Until recent years, no one ever saw the emergence and transformation of the periodical cicadas, since this was done under cover of darkness, and unexpectedly.

In recent years, however, observers armed with powerful lights and cameras, and with considerable patience, have watched and recorded the amazing transformation.

Here is how they describe it: No sooner does the cicada nymph - somewhat resembling a brownish colored little lobster, with oversized front claws and blood-red eyes - scramble out of the earth, it heads for the nearest tree or post.

Climbing part way up, it anchors its claws into bark or leaf. Now it arches its back, twisting and shaking. Suddenly a split shoots up the back of its shell. As the convulsions continue and the split widens, a creamy-white creature slowly pulls itself free, leaving the empty shell clinging to whatever it had been anchored in.

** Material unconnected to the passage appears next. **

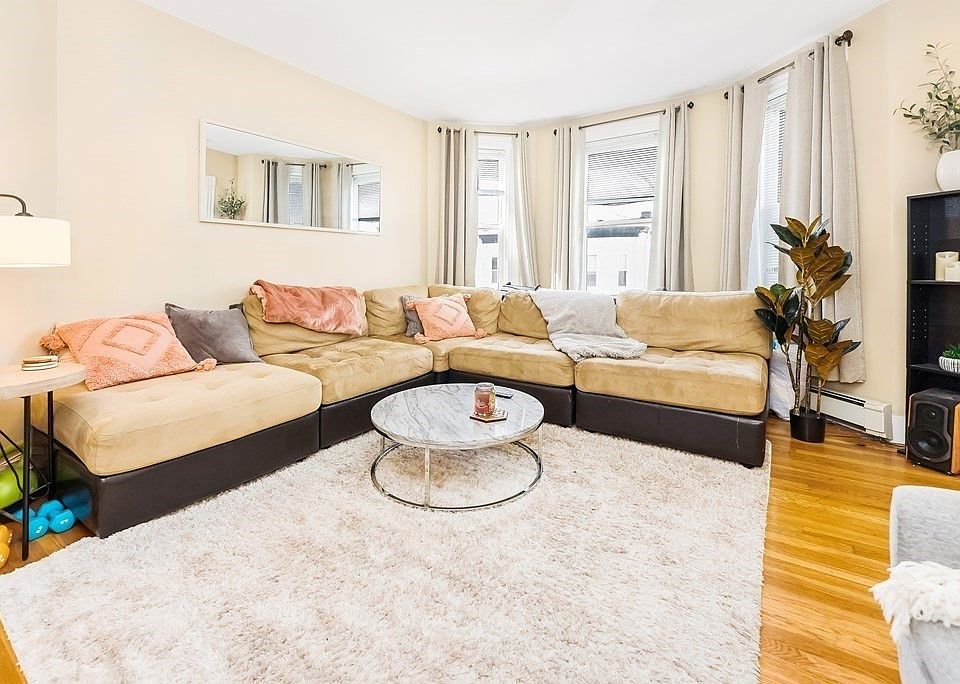 180 L St Boston, MA, 02127 - Apartments for Rent | Zillow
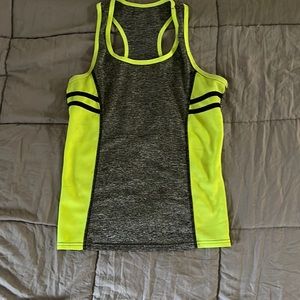 Medium active wear Top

Red eyes and black shoulder patches stand out against the white.

Curved claws, no longer needed for digging, have given way to slender forelegs. This is the adult cicada. In this stage the cicada is completely defenseless. Its outer skeleton is soft and flabby; its wings have no power to fly. But this condition changes overnight.

The crumpled wings expand into a three-inch spread ready for flight. As the outer shell hardens, creamy white turns to gray or brown, then to glossy brownish black.

Orange re-adorns the margins and veins of the wings, while a dark " W " shows up near each wing tip. By morning a new bumblebee-size insect flies high in the treetops.

Few sights are more impressive than a moonlit wood filled with transforming cicadas!

After enjoying the warm sunshine for a week or ten days, the cicadas get down to the serious business of finding their mates.

Within a few days the female begins to lay eggs beneath the soft bark of twigs of plants-stems.

The Creator has provided the female cicada with a sawtooth chisel - a horny stiletto with two sawtooth ends - along her egglayer on the lower abdomen. Using these sawtooth blades the female cicada carves rows of twin slits. Into each of these pockets she pumps a dozen or so eggs. Before she dies exhausted, she may deposit as many as 600 eggs.

In July and August, a few weeks after the sound of the whirring and buzzing of male cicadas (female cicadas are silent) has been stilled and the last egg has been laid, millions of tiny creatures will hatch from the eggs, and start a new brood of "17-year locusts."

How the Cicada Was Mistaken For a Locust

American Indians knew the cicadas; they roasted and ate them, although their sudden appearance mystified them.

Cape Cod pilgrims, however, were terrified by the emergence of vast and noisy swarms of these insects in 1634. They concluded that these must be locusts, the ancient plague of Egypt.

Their illusion was confirmed by the fact that the insect seemed to call, " Pha-a-a-a-a-a-raoh!"

Actually locusts and cicadas have little in common, though some people may think they look alike.

The locust is a migratory grasshopper. He has strong jaws which can strip vegetation to the roots, and he is well known for his incalculable damage in the Middle East and Africa. He often migrates in vast swarms for hundreds of miles.

Cicadas are sucking insects which live on sap from trees and shrubs; their mouths are not made for chewing. Cicadas do not migrate and each dies within a few hundred yards of his burrow.

Cicadas apparently inflict little damage by their long years of sap sucking, either as burrowing nymphs or as winged adults. They may cause some damage to young trees and shrubs by slashing of branches during egglaying.

Healthy woodland suffers no hurt beyond the loss of some weak twigs. Cicadas never attack fruit, flowers, gardens, or farm crops. Nor are they capable of stinging.

But man can do, and often does, a lot of damage to cicadas. Wherever he cuts down trees and builds roads through cicadaland, he destroys their homes. It would be a shame if this unique and fascinating creature were gone forever.